Sports venue in Changwon, South Korea

The Changwon Stadium (창원종합운동장) is a group of sports facilities in Changwon, South Korea. The complex consists of the Changwon Stadium, Changwon Gymnasium and a swimming pool.

== Facilities ==

=== Changwon Stadium ===
Changwon Stadium (창원스포츠파크 주경기장) is a multi-use stadium in Changwon, South Korea. It is currently used mostly for football matches. The stadium holds 27,085 people and was built in 1993.

It served as the home ground of K League side Gyeongnam FC and the Korea National League side Changwon City FC prior to the construction of the Changwon Football Center in 2009.

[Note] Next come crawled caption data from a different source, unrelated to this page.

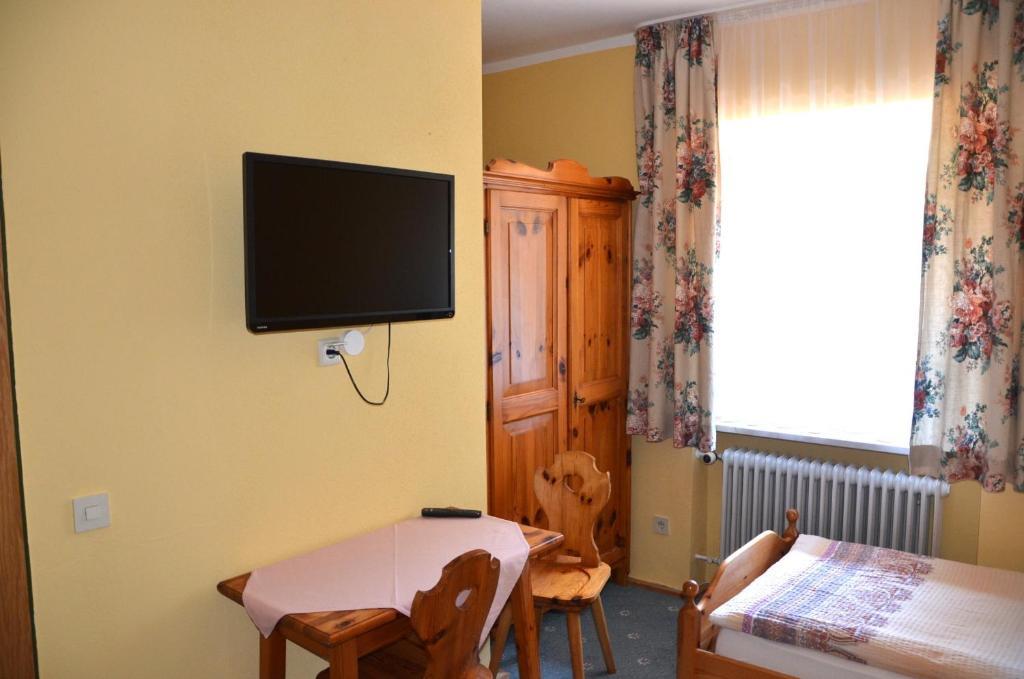 Landgasthof Zur Quelle Seeshaupt Bilik gambar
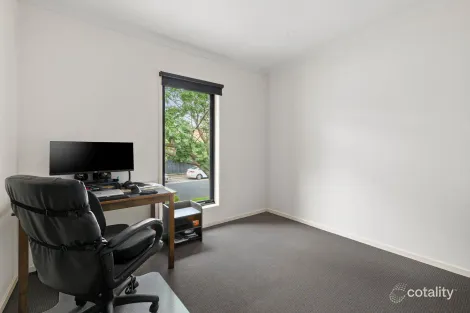 Property photo of 13 Waterlily Drive Epping VIC 3076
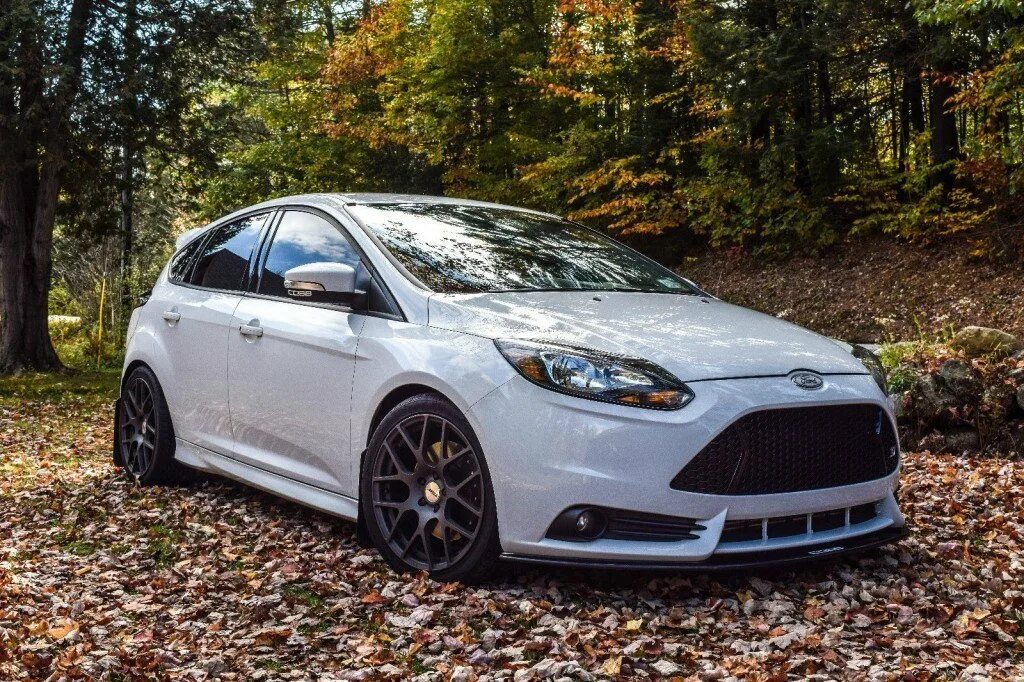 Ст тюнинг. Ford Focus 3 St белый. Ford Focus 3 Tuning. Ford Focus 3 St Tuning. Ford Focus St 2013.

====2007 U-17 World Cup====
The stadium was one of the venues of the 2007 U-17 World Cup, and held the following matches:

| Date | Team | Result | Team | Round |
|---|---|---|---|---|
| 20 August | Belgium | 2–4 | Tunisia | Group E |
| 20 August | Tajikistan | 4–3 | United States | Group E |
| 23 August | United States | 1–3 | Tunisia | Group E |
| 23 August | Tajikistan | 0–1 | Belgium | Group E |
| 26 August | Germany | 5–0 | Trinidad and Tobago | Group F |
| 29 August | Tunisia | 1–3 | France | Second Round |
| 1 September | Peru | 0–2 | Ghana | Quarter-final |

===Changwon Gymnasium===
Changwon Gymnasium is home of Changwon LG Sakers in the Korean Basketball League.